»»

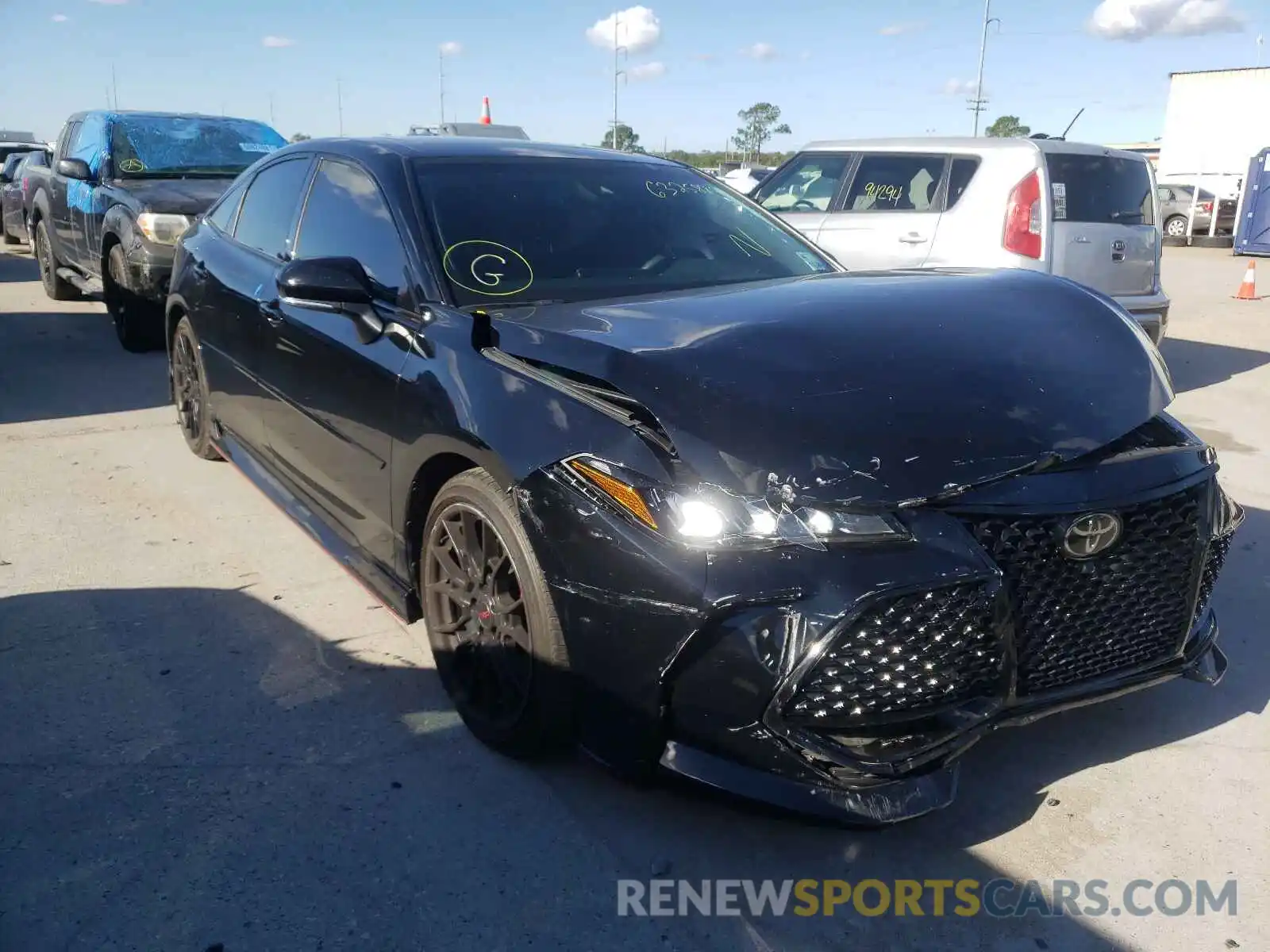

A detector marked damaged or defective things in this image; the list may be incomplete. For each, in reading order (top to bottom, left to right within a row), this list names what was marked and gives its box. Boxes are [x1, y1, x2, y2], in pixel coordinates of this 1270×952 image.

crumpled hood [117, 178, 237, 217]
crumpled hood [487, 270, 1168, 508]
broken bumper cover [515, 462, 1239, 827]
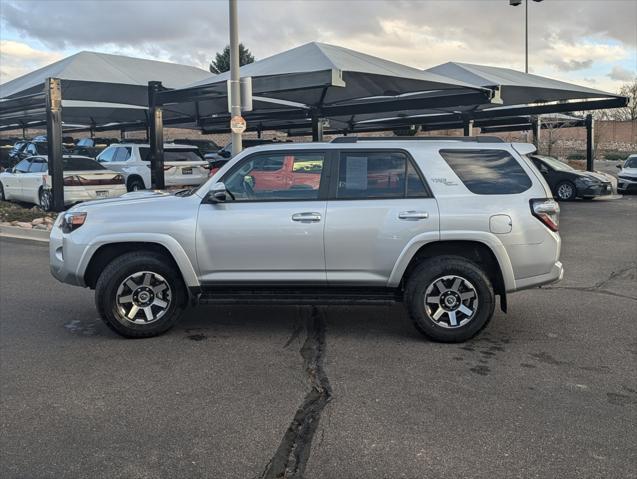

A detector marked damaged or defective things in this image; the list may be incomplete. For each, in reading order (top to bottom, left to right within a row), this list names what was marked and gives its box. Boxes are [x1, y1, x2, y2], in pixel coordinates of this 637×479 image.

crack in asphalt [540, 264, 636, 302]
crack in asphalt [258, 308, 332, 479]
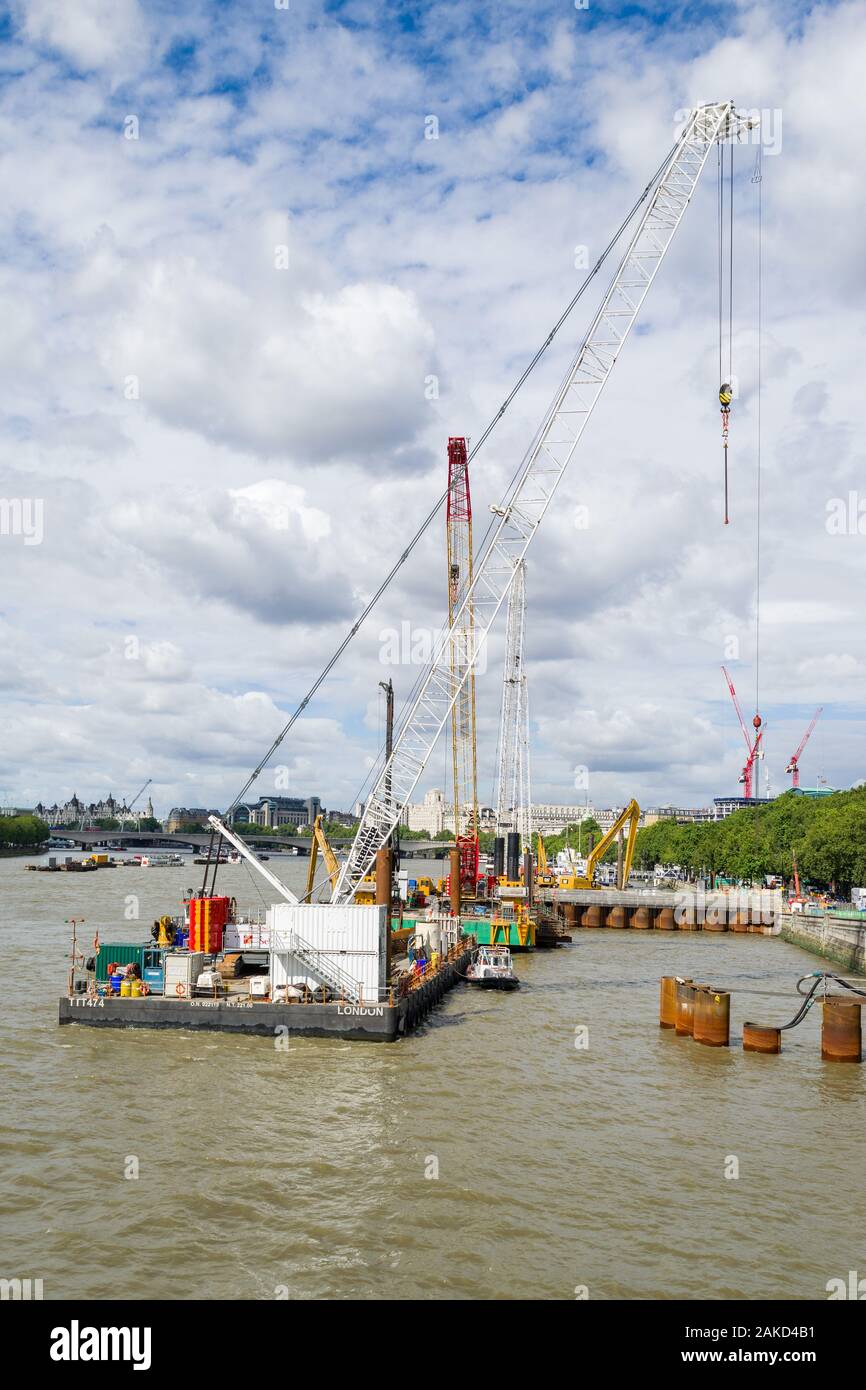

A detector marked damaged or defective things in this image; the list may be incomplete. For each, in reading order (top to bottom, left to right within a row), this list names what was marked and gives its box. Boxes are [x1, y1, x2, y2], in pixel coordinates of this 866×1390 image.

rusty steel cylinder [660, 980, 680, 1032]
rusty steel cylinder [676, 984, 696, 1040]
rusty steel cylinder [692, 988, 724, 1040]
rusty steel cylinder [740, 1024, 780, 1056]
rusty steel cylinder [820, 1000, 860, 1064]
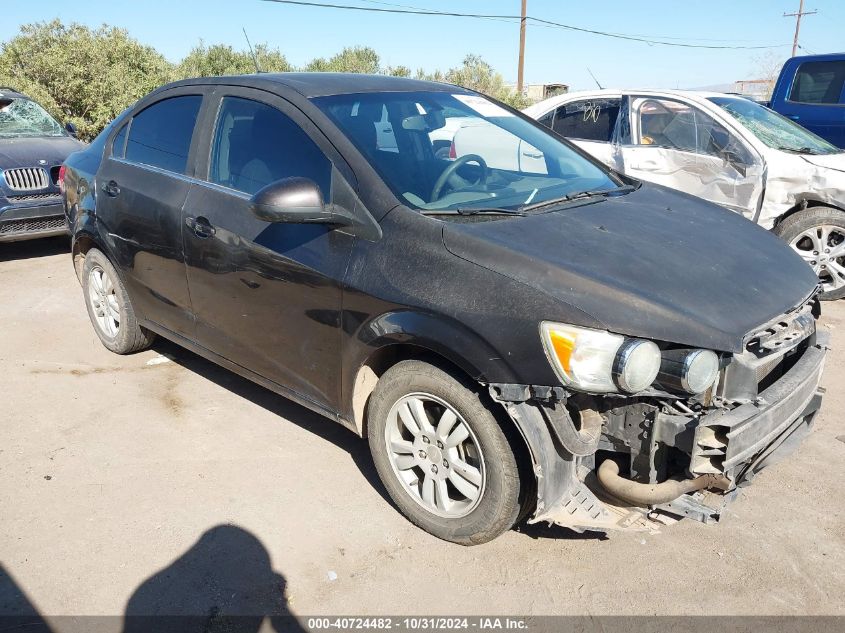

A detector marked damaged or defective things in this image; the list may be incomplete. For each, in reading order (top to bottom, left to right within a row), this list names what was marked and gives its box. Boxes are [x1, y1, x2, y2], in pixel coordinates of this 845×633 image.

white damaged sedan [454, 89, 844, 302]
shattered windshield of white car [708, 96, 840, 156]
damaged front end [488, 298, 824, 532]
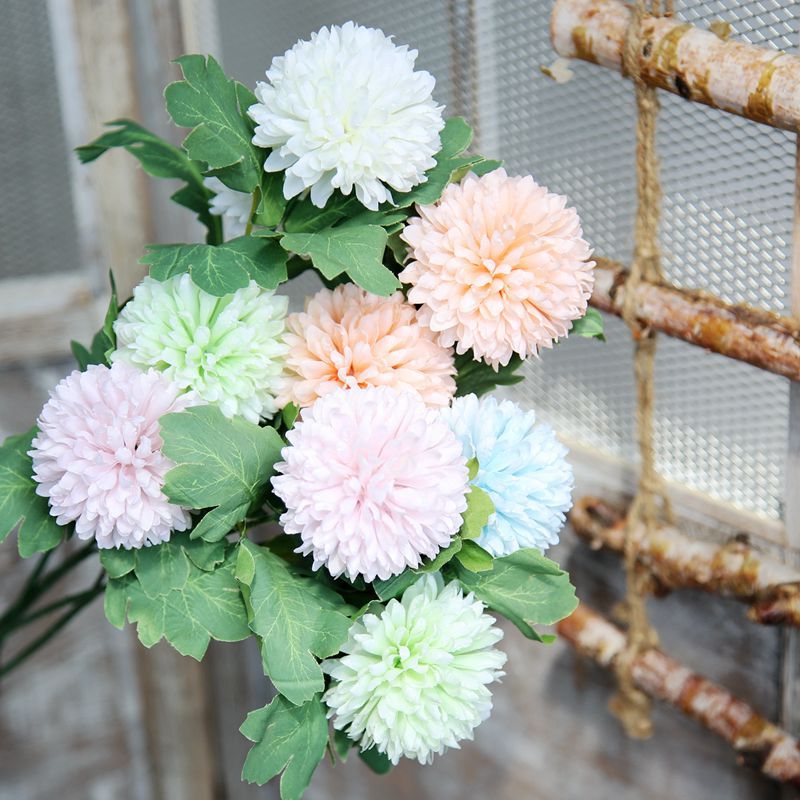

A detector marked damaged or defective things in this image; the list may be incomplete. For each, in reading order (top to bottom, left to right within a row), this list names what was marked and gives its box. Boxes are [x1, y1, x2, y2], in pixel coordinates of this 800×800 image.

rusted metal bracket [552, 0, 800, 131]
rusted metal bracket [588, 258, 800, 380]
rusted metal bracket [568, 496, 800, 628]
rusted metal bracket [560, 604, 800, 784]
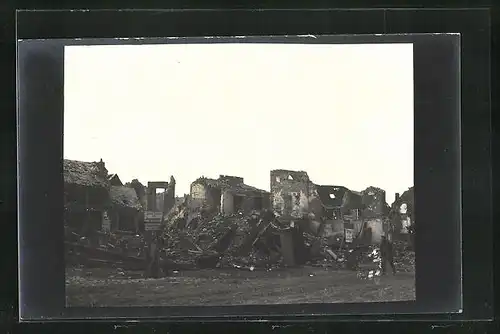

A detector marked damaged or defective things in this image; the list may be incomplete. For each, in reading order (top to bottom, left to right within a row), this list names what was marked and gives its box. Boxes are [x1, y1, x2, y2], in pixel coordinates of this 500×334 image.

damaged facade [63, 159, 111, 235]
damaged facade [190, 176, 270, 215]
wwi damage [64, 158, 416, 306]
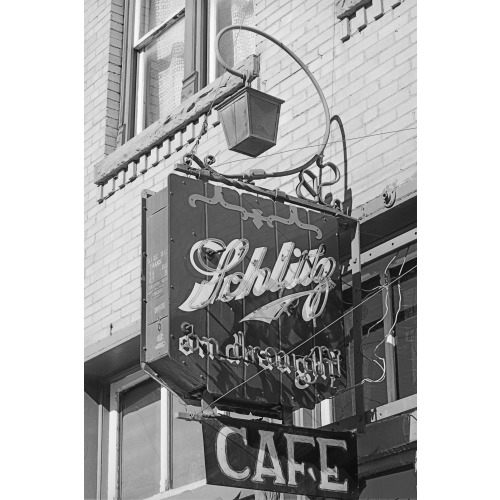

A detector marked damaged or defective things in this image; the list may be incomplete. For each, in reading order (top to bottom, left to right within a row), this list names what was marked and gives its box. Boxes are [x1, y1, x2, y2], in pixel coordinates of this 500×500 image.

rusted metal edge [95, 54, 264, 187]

««

Only exact duplicates of the lines from the one containing "this 800×800 image." through the final line of the entries, both included, are needed, with pictures left out.

TASK RESPONSE
A detector marked damaged or defective things in this image; the list may be incomplete. For each, in reading order (top to bottom, left to right within a row), this list names what was marked and gives its box. Boxes are [x1, y1, x2, y2], in pixel coordinates of this 800×800 image.

rusted metal bracket [552, 0, 800, 131]
rusted metal bracket [588, 258, 800, 380]
rusted metal bracket [568, 496, 800, 628]
rusted metal bracket [560, 604, 800, 784]

A detector marked damaged or defective things in this image; the list may be incomplete. For each, in reading order (top to bottom, left to right within a row), this list names what was marked and gives its box. Boxes are [x1, y1, x2, y2], in pixel coordinates of this 500×334 image.

damaged facade [63, 159, 111, 235]
damaged facade [190, 176, 270, 215]
wwi damage [64, 158, 416, 306]

A detector marked damaged or defective things in this image; the list may be incomplete. For each, in reading order (top to bottom, left to right within a row), this list names what was marked and gives its box. Boxes are [x1, y1, x2, y2], in pixel coordinates of this 500×500 image.

rusted metal edge [95, 54, 264, 187]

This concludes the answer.